Then there’s the study published last month in the journal Psychological Science finding that, to be blunt, conservative beliefs are associated with lower intelligence as measured in standard intelligence tests. The study itself is very dense reading, but the magazine Live Science carried a very accessible writeup last month, and Britain’s conservative-leaning Daily Mail had a strikingly unskeptical report on it yesterday.
In case you’re wondering, the researchers used three data sets, including “two large-scale, nationally representative United Kingdom data sets (N = 15,874).” Their bottom line, as the researchers put it in their Psychological Science abstract:
lower general intelligence (g) in childhood predicts greater racism in adulthood, and this effect was largely mediated via conservative ideology.
Another study, which I found so troubling that I’m going to write about it at greater length in an upcoming separate piece, is a book titled “Why Some Politicians Are More Dangerous Than Others.” It was published last summer but is getting some new ink lately following a review by Andrew Hacker in the current New York Review of Books. The author of the book, NYU psychiatry professor James Gilligan (formerly of Harvard, former head of mental health services for the Mass. State prison system), went through 107 years of U.S. government statistics and found that violent deaths—homicides and suicides (both forms of taking a human life)—increase sharply during Republican presidential administrations and decline just as sharply during Democratic presidencies. The difference between a Republican and Democratic White House can range as high as 19,000 extra violent deaths per year, and it’s true of every presidency since 1900, when the federal government first started collecting annual death statistics, with the sole exceptions of the New Deal-enthusiast Republican Dwight Eisenhower and the neoliberal Democrat Jimmy Carter.
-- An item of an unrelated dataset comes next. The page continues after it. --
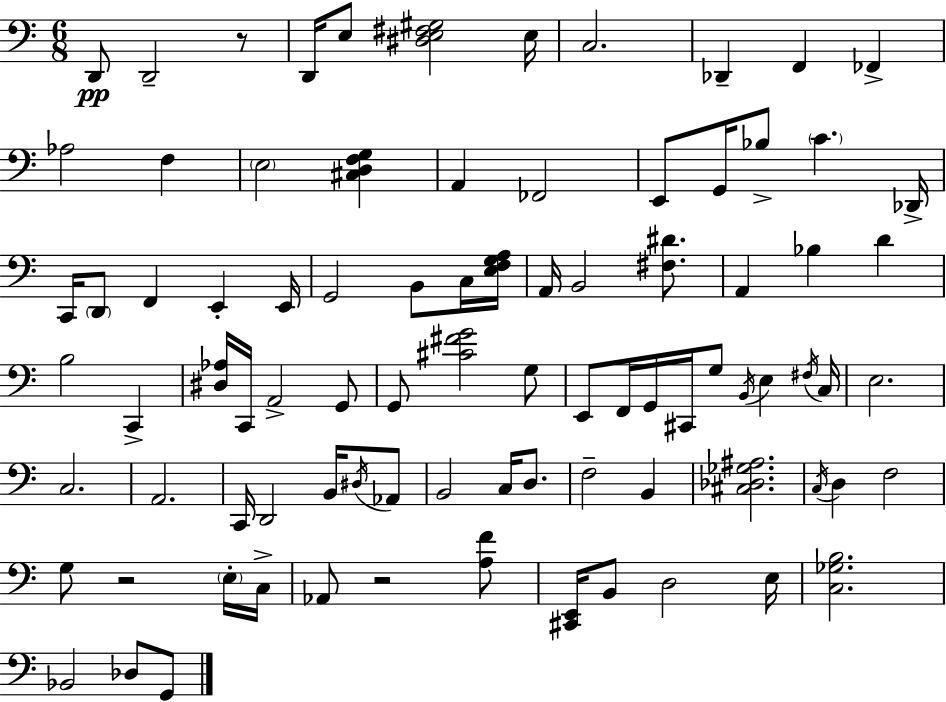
D2/e D2/h R/e D2/s E3/e [D#3,E3,F#3,G#3]/h E3/s C3/h. Db2/q F2/q FES2/q Ab3/h F3/q E3/h [C#3,D3,F3,G3]/q A2/q FES2/h E2/e G2/s Bb3/e C4/q. Db2/s C2/s D2/e F2/q E2/q E2/s G2/h B2/e C3/s [E3,F3,G3,A3]/s A2/s B2/h [F#3,D#4]/e. A2/q Bb3/q D4/q B3/h C2/q [D#3,Ab3]/s C2/s A2/h G2/e G2/e [C#4,F#4,G4]/h G3/e E2/e F2/s G2/s C#2/s G3/e B2/s E3/q F#3/s C3/s E3/h. C3/h. A2/h. C2/s D2/h B2/s D#3/s Ab2/e B2/h C3/s D3/e. F3/h B2/q [C#3,Db3,Gb3,A#3]/h. C3/s D3/q F3/h G3/e R/h E3/s C3/s Ab2/e R/h [A3,F4]/e [C#2,E2]/s B2/e D3/h E3/s [C3,Gb3,B3]/h. Bb2/h Db3/e G2/e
The reason, Gilligan argues, is that in stark contrast to popular belief, Republican presidencies are consistently associated with rising unemployment, increased frequency and length of recessions and growing economic inequality. All these factors lead to increases in the psychological stresses consistently associated with the taking of a human life, whether another person’s (homicide) or one’s own (suicide).
It sounds too prejudicial and far-fetched to be true, but Gilligan lays out the case piece by piece with detailed numbers and charts, plus references to related research that documents the individual pieces of his thesis. I just got the book yesterday (it’s not available on Kindle) so I’ll write about it in a few days.